6770 Sayılı “Türkiye Cumhuriyeti Emekli Sandığı Kanunu ile Bazı Kanun ve Kanun Hükmünde Karanamelerde Değişiklik Yapılmasına Dair Kanun”un 33’üncü maddesi ile Kredi ve Kredi Kartları Borçlarına İlişkin Kayıtların Dikkate Alınmaması Hakkında Kanun’a eklenen geçici madde ile anapara ve/veya taksit ödeme tarihi 27 Ocak 2017’den önce olup da kullandığı nakdi ve gayri nakdi kredilerinin anapara, faiz ve/veya ferilerine ilişkin ödemelerini aksatan gerçek ve tüzel kişilerin, ticari faaliyette bulunan ve bulunmayan gerçek kişilerin ve kredi müşterilerinin karşılıksız çıkan çek, protesto edilmiş senet, kredi kartı ve diğer kredi borçlarına ilişkin Türkiye Bankalar Birliği Risk Merkezi nezdinde tutulan kayıtları, söz konusu borçların ödenmesi, geciken kısmının 27 Ocak 2017’den itibaren altı ay içinde tamamen ödenmesi veya yeniden yapılandırılması halinde bu kişilerle yapılan finansal işlemlerde kredi kuruluşları ve finansal kuruluşlar tarafından dikkate alınmayabilecektir.

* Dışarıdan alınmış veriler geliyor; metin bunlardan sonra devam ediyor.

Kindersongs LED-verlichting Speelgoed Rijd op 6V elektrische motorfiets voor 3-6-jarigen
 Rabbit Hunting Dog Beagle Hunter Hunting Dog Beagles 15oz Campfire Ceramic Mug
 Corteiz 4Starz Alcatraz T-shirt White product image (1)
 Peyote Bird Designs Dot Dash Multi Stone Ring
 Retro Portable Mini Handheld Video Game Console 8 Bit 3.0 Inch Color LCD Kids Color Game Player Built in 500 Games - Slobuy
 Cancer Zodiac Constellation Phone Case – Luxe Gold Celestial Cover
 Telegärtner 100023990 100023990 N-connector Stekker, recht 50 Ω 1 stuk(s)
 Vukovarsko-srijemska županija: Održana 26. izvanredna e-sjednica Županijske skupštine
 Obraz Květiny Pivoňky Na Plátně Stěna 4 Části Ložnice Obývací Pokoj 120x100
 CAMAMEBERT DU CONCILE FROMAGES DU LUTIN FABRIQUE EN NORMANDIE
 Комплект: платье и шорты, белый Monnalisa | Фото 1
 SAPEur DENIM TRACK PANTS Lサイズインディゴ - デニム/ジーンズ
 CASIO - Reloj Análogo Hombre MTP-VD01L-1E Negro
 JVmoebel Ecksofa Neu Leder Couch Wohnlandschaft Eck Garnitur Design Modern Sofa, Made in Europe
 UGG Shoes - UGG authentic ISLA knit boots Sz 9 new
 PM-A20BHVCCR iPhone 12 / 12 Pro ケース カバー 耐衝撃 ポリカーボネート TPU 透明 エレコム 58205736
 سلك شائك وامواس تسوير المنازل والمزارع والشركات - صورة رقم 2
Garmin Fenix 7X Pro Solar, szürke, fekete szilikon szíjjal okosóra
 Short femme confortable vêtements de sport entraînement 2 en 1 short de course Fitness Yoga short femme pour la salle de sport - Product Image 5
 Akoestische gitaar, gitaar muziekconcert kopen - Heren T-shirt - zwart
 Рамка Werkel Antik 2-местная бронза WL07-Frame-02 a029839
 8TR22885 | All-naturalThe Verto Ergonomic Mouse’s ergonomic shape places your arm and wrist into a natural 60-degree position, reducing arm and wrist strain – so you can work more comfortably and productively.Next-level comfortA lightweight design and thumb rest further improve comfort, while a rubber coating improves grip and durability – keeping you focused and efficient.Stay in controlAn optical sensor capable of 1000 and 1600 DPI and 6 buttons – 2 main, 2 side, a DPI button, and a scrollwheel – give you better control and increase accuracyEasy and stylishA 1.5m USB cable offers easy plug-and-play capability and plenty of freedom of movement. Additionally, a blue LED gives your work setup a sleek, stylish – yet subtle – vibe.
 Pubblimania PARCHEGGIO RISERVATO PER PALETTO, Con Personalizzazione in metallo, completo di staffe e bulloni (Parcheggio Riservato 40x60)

Diğer yandan yapılan bu düzenleme gereği, kredi kuruluşları ve finansal kuruluşların mevcut kredileri yeniden yapılandırmaları veya yeni kredi kullandırmaları, bu kuruluşlara hukuki ve cezai sorumluluk doğurmayacaktır.
Uygulamada “Sicil Affı” olarak konuşulan olgu, 27 Ocak 2017 itibariyle yukarıda sunulduğu şekilde 6770 Sayılı Kanun’un 33’üncü maddesi olarak yürürlüğe girmiş bulunmaktadır.
BEKLENTİ İÇİNDE OLAN GENİŞ BİR KESİM VAR
Kasım ayı verilerinden anlaşılacağı üzere;
- Karşılıksız çeki olan 566.116 kişi,
- Kredi kartı borcu nedeniyle takipte olan 2 milyon 233 bin 188 kişi,
- Bireysel kredilerden yasal takipte bulunan bir milyon 729 bin 846 kişi,
- Ticari kredilerden yasal takipte olan 535 bin 379 şahıs şirketi ile 99 bin 929 sermaye şirketi olmak üzere,
Söz konusu sicil affı beklentisi olan oldukça geniş bir kesim bulunmaktadır. Ancak fiilen borçlu görünenlerin bir kısmının borçlarını ödemiş bulunduklarını varsayacak olursak, geriye kalanların mevcut borçlarını yapılandırmak amacıyla kendilerine tanınan ek süreyi değerlendirmeleri gerekmektedir. Yazımızdaki rakamsal veriler. Gümrük ve Ticaret Bakanımız Sayın Bülent Tüfenkci’nin “Sicil Affı” ile ilgili açıklamalarından alınmıştır.
Ticari yaşamı olumsuz etkileyen ödenmeyen borçların ödenebilmesi için yapılan yeni düzenleme ile tanınan altı aylık ek sürenin dikkate alınarak gerekli başvuruların ve girişimlerin başlatılmasında yarar görmekteyiz.